Segment Open

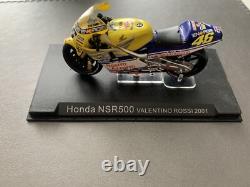 Collection de modèles de motos Champion Racing Bikes Deagostini X 18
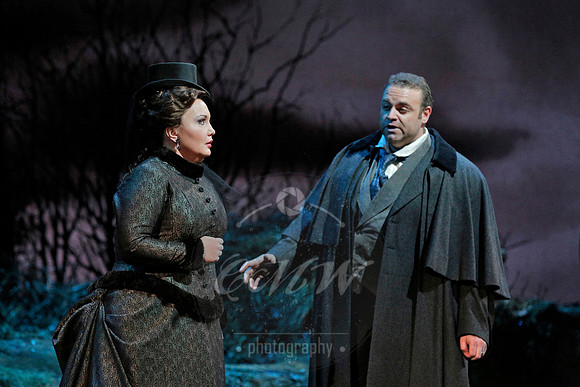 Metropolitan Opera Lucia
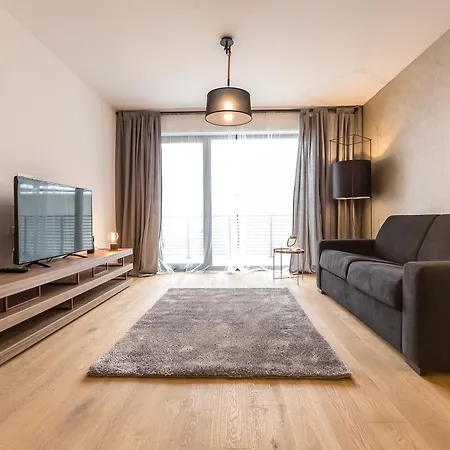 Apartamento Cosmopolit *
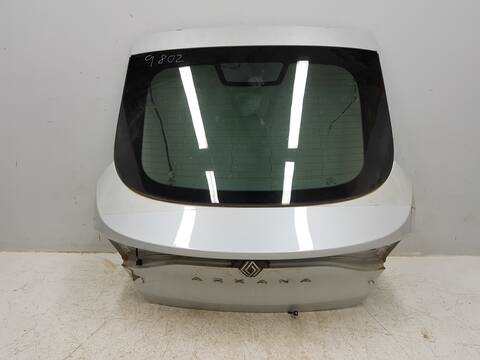Portón Renault Arkana TECHNO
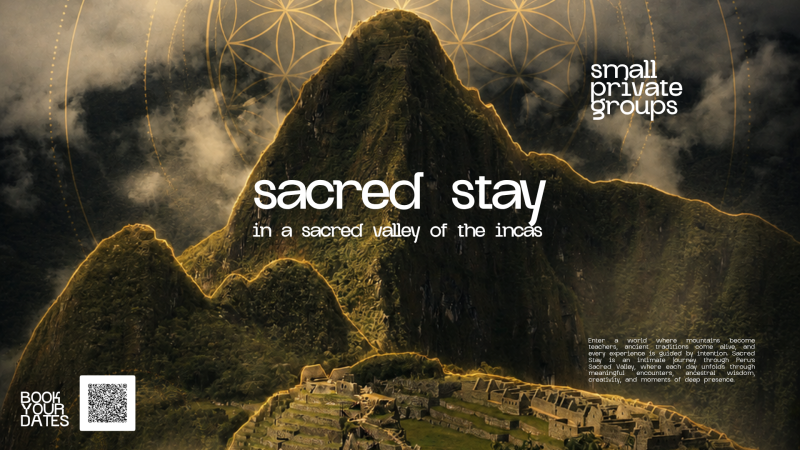 Sacred Stay in Sacred Valley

Segment Closed

*Work to complete*:
When you copy the records above, keep every word exact and drop the pictures.

*Result of the exercise*:
 Collection de modèles de motos Champion Racing Bikes Deagostini X 18
 Metropolitan Opera Lucia
 Apartamento Cosmopolit *
Portón Renault Arkana TECHNO
 Sacred Stay in Sacred Valley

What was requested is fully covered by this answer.